Given material:
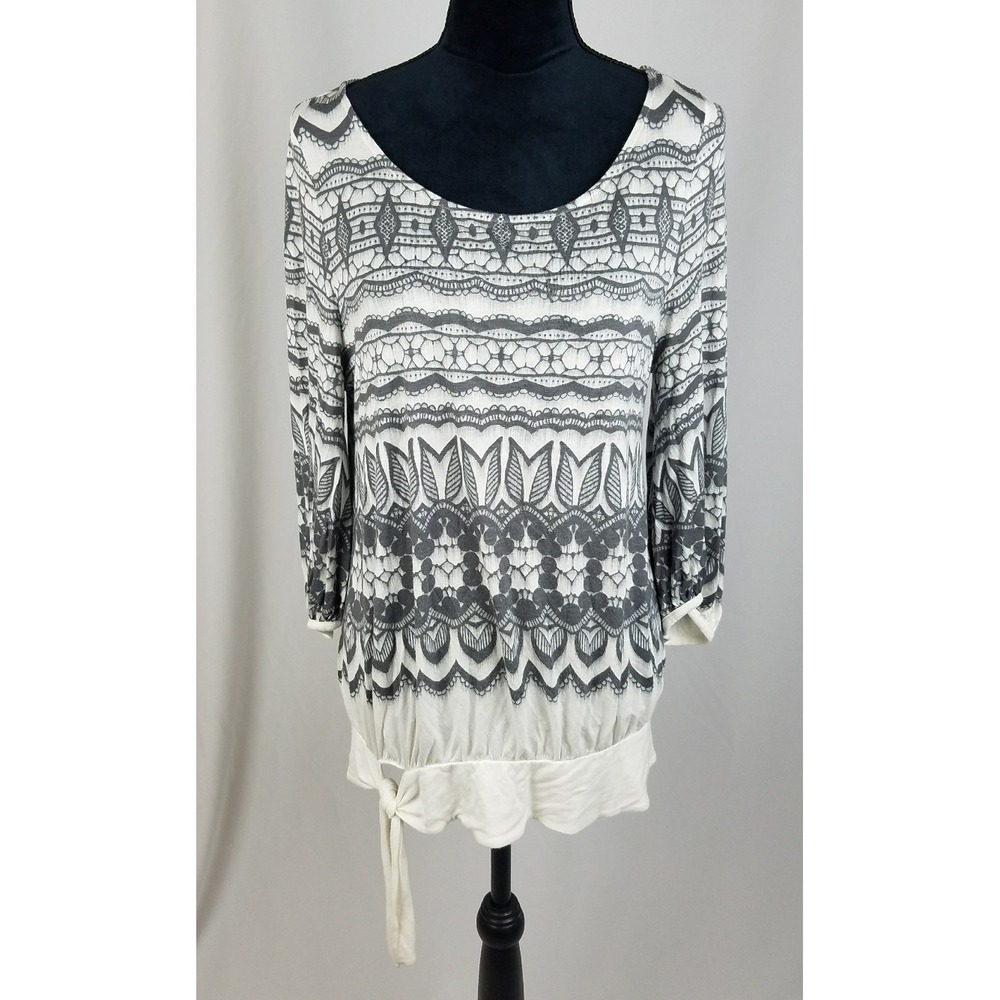 Anthropologie Deletta L Catalan‎ top tie waist blouse 3/4 sleeve boho preppy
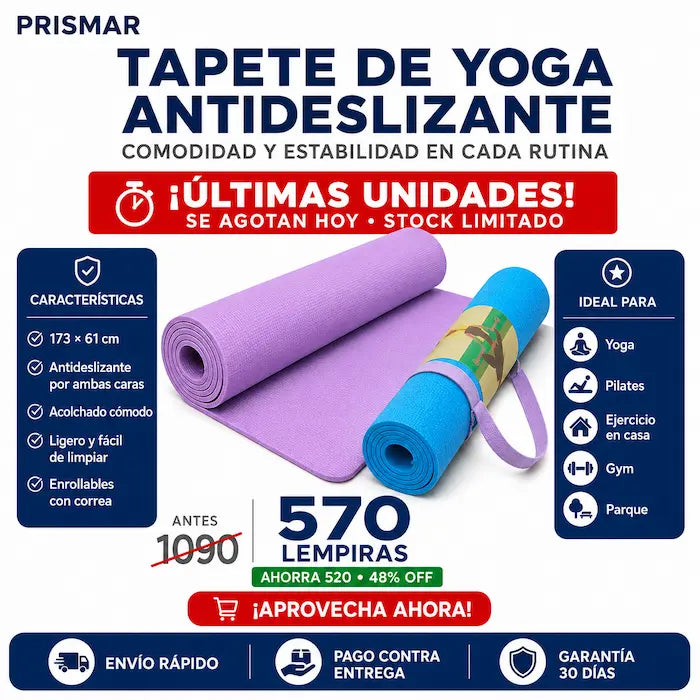 Tapete de Yoga y Ejercicio Antideslizante 173×61cm — Entrenás en Casa, el Gym o el Parque Sin Resbalar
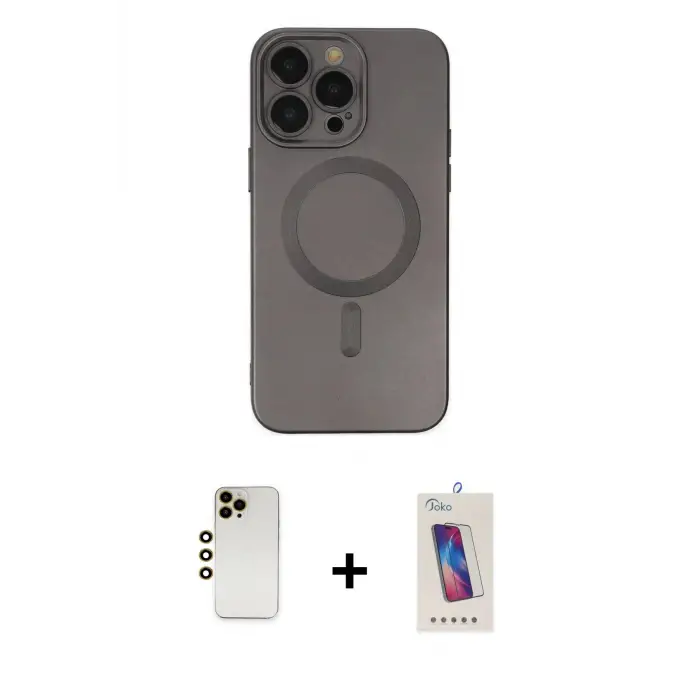 ieg™ iPhone 13 Pro Max Kılıf Akış Minimal Özel Seri - Siyah Joko 5D Cam + Shine Kamera Lens - GD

Exercise prompt:
If a picture appears in the data, omit it; transcribe all the rest exactly.

Answer to the exercise:
 Anthropologie Deletta L Catalan‎ top tie waist blouse 3/4 sleeve boho preppy
 Tapete de Yoga y Ejercicio Antideslizante 173×61cm — Entrenás en Casa, el Gym o el Parque Sin Resbalar
 ieg™ iPhone 13 Pro Max Kılıf Akış Minimal Özel Seri - Siyah Joko 5D Cam + Shine Kamera Lens - GD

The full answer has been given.